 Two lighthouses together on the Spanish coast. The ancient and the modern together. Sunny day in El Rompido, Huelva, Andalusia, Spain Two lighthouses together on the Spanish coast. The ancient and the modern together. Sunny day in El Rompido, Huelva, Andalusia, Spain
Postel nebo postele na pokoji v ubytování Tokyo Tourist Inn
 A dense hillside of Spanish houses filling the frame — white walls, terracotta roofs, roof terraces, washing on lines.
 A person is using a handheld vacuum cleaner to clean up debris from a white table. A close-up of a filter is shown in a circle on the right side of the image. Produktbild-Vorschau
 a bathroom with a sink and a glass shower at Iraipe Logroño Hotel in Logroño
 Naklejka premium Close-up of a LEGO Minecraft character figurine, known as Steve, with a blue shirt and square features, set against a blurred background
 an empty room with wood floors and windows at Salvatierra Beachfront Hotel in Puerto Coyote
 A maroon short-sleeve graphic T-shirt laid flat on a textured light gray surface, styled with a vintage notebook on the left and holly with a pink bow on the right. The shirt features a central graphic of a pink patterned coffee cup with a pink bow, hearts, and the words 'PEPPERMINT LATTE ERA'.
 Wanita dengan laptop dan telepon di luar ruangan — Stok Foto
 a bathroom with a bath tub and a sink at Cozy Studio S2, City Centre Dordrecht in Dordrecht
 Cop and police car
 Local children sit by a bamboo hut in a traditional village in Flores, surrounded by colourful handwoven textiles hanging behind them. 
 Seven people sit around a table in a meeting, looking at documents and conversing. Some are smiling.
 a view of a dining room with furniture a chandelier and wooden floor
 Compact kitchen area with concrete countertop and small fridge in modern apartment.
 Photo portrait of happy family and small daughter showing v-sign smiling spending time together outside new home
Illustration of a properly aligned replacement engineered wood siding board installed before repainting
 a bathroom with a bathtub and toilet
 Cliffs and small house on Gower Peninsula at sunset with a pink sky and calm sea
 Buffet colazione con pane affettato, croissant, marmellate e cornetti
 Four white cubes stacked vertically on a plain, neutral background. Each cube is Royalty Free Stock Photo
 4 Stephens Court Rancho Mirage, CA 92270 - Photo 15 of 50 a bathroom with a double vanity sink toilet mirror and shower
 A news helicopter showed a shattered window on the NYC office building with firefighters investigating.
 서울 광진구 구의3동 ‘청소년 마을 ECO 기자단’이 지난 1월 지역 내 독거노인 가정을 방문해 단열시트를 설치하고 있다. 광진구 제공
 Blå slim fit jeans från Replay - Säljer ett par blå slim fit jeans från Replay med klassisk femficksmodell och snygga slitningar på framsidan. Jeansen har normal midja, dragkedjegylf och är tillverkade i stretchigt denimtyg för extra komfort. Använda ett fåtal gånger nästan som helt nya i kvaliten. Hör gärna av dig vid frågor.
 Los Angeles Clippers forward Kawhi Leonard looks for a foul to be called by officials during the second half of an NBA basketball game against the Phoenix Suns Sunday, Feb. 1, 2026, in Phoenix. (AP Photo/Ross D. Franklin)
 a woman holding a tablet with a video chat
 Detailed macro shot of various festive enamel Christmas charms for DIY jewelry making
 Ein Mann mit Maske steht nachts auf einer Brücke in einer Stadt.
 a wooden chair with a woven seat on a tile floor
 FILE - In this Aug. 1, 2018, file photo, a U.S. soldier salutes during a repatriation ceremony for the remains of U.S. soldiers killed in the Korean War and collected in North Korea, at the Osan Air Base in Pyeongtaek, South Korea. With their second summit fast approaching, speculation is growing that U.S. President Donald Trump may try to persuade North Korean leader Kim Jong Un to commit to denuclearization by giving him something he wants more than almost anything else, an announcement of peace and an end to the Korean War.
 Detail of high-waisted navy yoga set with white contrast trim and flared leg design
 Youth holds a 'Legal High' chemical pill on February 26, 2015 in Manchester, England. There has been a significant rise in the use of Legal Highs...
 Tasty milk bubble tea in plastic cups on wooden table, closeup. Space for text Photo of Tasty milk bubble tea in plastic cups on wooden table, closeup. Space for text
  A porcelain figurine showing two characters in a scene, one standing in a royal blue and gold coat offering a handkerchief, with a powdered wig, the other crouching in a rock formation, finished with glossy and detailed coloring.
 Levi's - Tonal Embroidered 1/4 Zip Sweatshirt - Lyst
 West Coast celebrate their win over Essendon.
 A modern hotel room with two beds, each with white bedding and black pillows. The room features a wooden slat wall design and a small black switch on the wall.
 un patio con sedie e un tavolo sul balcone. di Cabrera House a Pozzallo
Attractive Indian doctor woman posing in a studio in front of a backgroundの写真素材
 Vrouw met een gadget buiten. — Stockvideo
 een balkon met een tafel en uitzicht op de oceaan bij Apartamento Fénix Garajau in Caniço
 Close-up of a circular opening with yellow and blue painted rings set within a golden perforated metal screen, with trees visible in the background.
━━━━━━━━━━━━━━━━━━━━━━━━━━━━━━
- **WORK TO BE COMPLETED**
The entire listing is to be repeated exactly.

- **WORKED SOLUTION**
 Two lighthouses together on the Spanish coast. The ancient and the modern together. Sunny day in El Rompido, Huelva, Andalusia, Spain Two lighthouses together on the Spanish coast. The ancient and the modern together. Sunny day in El Rompido, Huelva, Andalusia, Spain
Postel nebo postele na pokoji v ubytování Tokyo Tourist Inn
 A dense hillside of Spanish houses filling the frame — white walls, terracotta roofs, roof terraces, washing on lines.
 A person is using a handheld vacuum cleaner to clean up debris from a white table. A close-up of a filter is shown in a circle on the right side of the image. Produktbild-Vorschau
 a bathroom with a sink and a glass shower at Iraipe Logroño Hotel in Logroño
 Naklejka premium Close-up of a LEGO Minecraft character figurine, known as Steve, with a blue shirt and square features, set against a blurred background
 an empty room with wood floors and windows at Salvatierra Beachfront Hotel in Puerto Coyote
 A maroon short-sleeve graphic T-shirt laid flat on a textured light gray surface, styled with a vintage notebook on the left and holly with a pink bow on the right. The shirt features a central graphic of a pink patterned coffee cup with a pink bow, hearts, and the words 'PEPPERMINT LATTE ERA'.
 Wanita dengan laptop dan telepon di luar ruangan — Stok Foto
 a bathroom with a bath tub and a sink at Cozy Studio S2, City Centre Dordrecht in Dordrecht
 Cop and police car
 Local children sit by a bamboo hut in a traditional village in Flores, surrounded by colourful handwoven textiles hanging behind them. 
 Seven people sit around a table in a meeting, looking at documents and conversing. Some are smiling.
 a view of a dining room with furniture a chandelier and wooden floor
 Compact kitchen area with concrete countertop and small fridge in modern apartment.
 Photo portrait of happy family and small daughter showing v-sign smiling spending time together outside new home
Illustration of a properly aligned replacement engineered wood siding board installed before repainting
 a bathroom with a bathtub and toilet
 Cliffs and small house on Gower Peninsula at sunset with a pink sky and calm sea
 Buffet colazione con pane affettato, croissant, marmellate e cornetti
 Four white cubes stacked vertically on a plain, neutral background. Each cube is Royalty Free Stock Photo
 4 Stephens Court Rancho Mirage, CA 92270 - Photo 15 of 50 a bathroom with a double vanity sink toilet mirror and shower
 A news helicopter showed a shattered window on the NYC office building with firefighters investigating.
 서울 광진구 구의3동 ‘청소년 마을 ECO 기자단’이 지난 1월 지역 내 독거노인 가정을 방문해 단열시트를 설치하고 있다. 광진구 제공
 Blå slim fit jeans från Replay - Säljer ett par blå slim fit jeans från Replay med klassisk femficksmodell och snygga slitningar på framsidan. Jeansen har normal midja, dragkedjegylf och är tillverkade i stretchigt denimtyg för extra komfort. Använda ett fåtal gånger nästan som helt nya i kvaliten. Hör gärna av dig vid frågor.
 Los Angeles Clippers forward Kawhi Leonard looks for a foul to be called by officials during the second half of an NBA basketball game against the Phoenix Suns Sunday, Feb. 1, 2026, in Phoenix. (AP Photo/Ross D. Franklin)
 a woman holding a tablet with a video chat
 Detailed macro shot of various festive enamel Christmas charms for DIY jewelry making
 Ein Mann mit Maske steht nachts auf einer Brücke in einer Stadt.
 a wooden chair with a woven seat on a tile floor
 FILE - In this Aug. 1, 2018, file photo, a U.S. soldier salutes during a repatriation ceremony for the remains of U.S. soldiers killed in the Korean War and collected in North Korea, at the Osan Air Base in Pyeongtaek, South Korea. With their second summit fast approaching, speculation is growing that U.S. President Donald Trump may try to persuade North Korean leader Kim Jong Un to commit to denuclearization by giving him something he wants more than almost anything else, an announcement of peace and an end to the Korean War.
 Detail of high-waisted navy yoga set with white contrast trim and flared leg design
 Youth holds a 'Legal High' chemical pill on February 26, 2015 in Manchester, England. There has been a significant rise in the use of Legal Highs...
 Tasty milk bubble tea in plastic cups on wooden table, closeup. Space for text Photo of Tasty milk bubble tea in plastic cups on wooden table, closeup. Space for text
  A porcelain figurine showing two characters in a scene, one standing in a royal blue and gold coat offering a handkerchief, with a powdered wig, the other crouching in a rock formation, finished with glossy and detailed coloring.
 Levi's - Tonal Embroidered 1/4 Zip Sweatshirt - Lyst
 West Coast celebrate their win over Essendon.
 A modern hotel room with two beds, each with white bedding and black pillows. The room features a wooden slat wall design and a small black switch on the wall.
 un patio con sedie e un tavolo sul balcone. di Cabrera House a Pozzallo
Attractive Indian doctor woman posing in a studio in front of a backgroundの写真素材
 Vrouw met een gadget buiten. — Stockvideo
 een balkon met een tafel en uitzicht op de oceaan bij Apartamento Fénix Garajau in Caniço
 Close-up of a circular opening with yellow and blue painted rings set within a golden perforated metal screen, with trees visible in the background.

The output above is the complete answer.